A hidden portrait has been found underneath the Mona Lisa, a scientist has claimed. Leonardo da Vinci’s famous painting in the Louvre Museum in Paris has been subjected to ten years of study using reflective light technology. Pascal Cotte, co-founder of Lumiere Technology in Paris, has spent a decade analysing the Mona Lisa and claims an earlier portrait lies hidden underneath the one which attracts so many visitors to the Louvre.
In a reconstruction of his analysis, there is another image of a sitter looking off to the side, the BBC reported. In this image, the sitter does not smile like in the famous painting. The Louvre Museum has declined to comment on his claims. Mr Cotte used a technique called Layer Amplification Method (LAM) to delve deeper into the Mona Lisa. This projects a series of lights on the painting and the reflections are then measured by a camera. From those measurements, the hidden layers of the painting can be reconstructed.
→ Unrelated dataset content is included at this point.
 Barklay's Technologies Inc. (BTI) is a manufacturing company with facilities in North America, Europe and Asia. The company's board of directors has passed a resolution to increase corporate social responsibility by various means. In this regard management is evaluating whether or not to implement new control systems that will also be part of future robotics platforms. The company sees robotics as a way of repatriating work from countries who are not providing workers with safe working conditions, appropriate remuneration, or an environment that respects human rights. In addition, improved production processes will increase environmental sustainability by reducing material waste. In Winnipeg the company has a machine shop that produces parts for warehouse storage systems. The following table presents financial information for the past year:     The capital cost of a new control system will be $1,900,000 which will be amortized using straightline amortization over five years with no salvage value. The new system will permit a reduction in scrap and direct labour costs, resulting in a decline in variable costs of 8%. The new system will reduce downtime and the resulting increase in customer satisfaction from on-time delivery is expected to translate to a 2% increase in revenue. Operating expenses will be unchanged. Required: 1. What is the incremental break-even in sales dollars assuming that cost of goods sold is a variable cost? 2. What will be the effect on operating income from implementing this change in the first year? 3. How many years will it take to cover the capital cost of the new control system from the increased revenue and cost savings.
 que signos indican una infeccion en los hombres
Mr Cotte said: “We can now analyse exactly what is happening inside the layers of the paint and we can peel like an onion all the layers of the painting. “We can reconstruct all the chronology of the creation of the painting.”
It has long been believed that the woman in the Mona Lisa, painted between 1503 and 1517, is Lisa Gheradini, the wife of a silk merchant in Florence, Italy. But Mr Cotte claims the subject is another woman entirely. “The results shatter many myths and alter our vision of Leonardo’s masterpiece forever,” he said in The Secrets of the Mona Lisa programme, which will be broadcast on BBC Two at 9pm on December 9. “When I finished the reconstruction of Lisa Gherardini, I was in front of the portrait and she is totally different to Mona Lisa today. This is not the same woman.”
However, Martin Kemp, Emeritus Professor of the history of art at the University of Oxford, told the BBC the idea that another picture is hidden beneath the Mona Lisa is “untenable”.